The data ▸
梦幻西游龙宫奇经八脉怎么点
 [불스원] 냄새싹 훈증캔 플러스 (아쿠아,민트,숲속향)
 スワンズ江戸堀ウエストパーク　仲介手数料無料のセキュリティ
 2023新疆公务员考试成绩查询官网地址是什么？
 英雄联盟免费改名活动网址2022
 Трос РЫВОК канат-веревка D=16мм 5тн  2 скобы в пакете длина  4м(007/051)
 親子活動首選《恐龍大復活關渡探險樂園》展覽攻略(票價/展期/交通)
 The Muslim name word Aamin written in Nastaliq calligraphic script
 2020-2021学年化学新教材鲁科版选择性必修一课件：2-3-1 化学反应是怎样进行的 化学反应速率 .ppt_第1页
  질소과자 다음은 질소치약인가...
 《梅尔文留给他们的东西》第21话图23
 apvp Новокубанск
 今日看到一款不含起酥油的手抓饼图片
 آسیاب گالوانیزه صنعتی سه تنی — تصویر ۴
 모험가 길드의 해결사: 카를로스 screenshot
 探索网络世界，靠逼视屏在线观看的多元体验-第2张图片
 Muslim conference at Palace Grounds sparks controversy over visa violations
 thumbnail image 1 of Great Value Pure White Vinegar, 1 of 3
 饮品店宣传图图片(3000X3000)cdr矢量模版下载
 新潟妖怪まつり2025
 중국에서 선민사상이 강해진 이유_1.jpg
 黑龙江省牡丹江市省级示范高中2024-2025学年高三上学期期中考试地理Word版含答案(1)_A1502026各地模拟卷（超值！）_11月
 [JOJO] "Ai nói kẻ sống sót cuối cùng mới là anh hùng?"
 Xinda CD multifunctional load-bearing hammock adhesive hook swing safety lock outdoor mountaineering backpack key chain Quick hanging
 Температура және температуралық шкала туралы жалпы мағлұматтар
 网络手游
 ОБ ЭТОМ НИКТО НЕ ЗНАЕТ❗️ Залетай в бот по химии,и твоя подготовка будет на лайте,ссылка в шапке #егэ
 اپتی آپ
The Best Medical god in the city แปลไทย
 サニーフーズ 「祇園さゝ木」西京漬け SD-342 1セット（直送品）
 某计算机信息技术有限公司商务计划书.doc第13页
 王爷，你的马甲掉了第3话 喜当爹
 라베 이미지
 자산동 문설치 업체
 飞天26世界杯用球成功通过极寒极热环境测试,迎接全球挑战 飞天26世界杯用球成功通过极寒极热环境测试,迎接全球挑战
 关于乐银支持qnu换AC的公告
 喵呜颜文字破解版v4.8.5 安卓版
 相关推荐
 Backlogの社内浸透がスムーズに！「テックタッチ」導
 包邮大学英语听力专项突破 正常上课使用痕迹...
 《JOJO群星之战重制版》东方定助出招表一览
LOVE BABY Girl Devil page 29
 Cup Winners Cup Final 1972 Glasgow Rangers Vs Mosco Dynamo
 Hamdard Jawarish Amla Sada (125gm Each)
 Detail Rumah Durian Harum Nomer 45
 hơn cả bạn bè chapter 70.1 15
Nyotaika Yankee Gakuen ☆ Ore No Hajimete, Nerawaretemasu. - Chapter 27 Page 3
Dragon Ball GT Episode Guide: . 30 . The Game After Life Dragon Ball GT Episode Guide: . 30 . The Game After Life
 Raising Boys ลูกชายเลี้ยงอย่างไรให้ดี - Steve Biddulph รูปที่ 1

To do ▸ With the line containing "王爷，你的马甲掉了第3话 喜当爹" as the start and the last line of the entries as the end, print that whole span exactly.

Output of the task ▸
 王爷，你的马甲掉了第3话 喜当爹
 라베 이미지
 자산동 문설치 업체
 飞天26世界杯用球成功通过极寒极热环境测试,迎接全球挑战 飞天26世界杯用球成功通过极寒极热环境测试,迎接全球挑战
 关于乐银支持qnu换AC的公告
 喵呜颜文字破解版v4.8.5 安卓版
 相关推荐
 Backlogの社内浸透がスムーズに！「テックタッチ」導
 包邮大学英语听力专项突破 正常上课使用痕迹...
 《JOJO群星之战重制版》东方定助出招表一览
LOVE BABY Girl Devil page 29
 Cup Winners Cup Final 1972 Glasgow Rangers Vs Mosco Dynamo
 Hamdard Jawarish Amla Sada (125gm Each)
 Detail Rumah Durian Harum Nomer 45
 hơn cả bạn bè chapter 70.1 15
Nyotaika Yankee Gakuen ☆ Ore No Hajimete, Nerawaretemasu. - Chapter 27 Page 3
Dragon Ball GT Episode Guide: . 30 . The Game After Life Dragon Ball GT Episode Guide: . 30 . The Game After Life
 Raising Boys ลูกชายเลี้ยงอย่างไรให้ดี - Steve Biddulph รูปที่ 1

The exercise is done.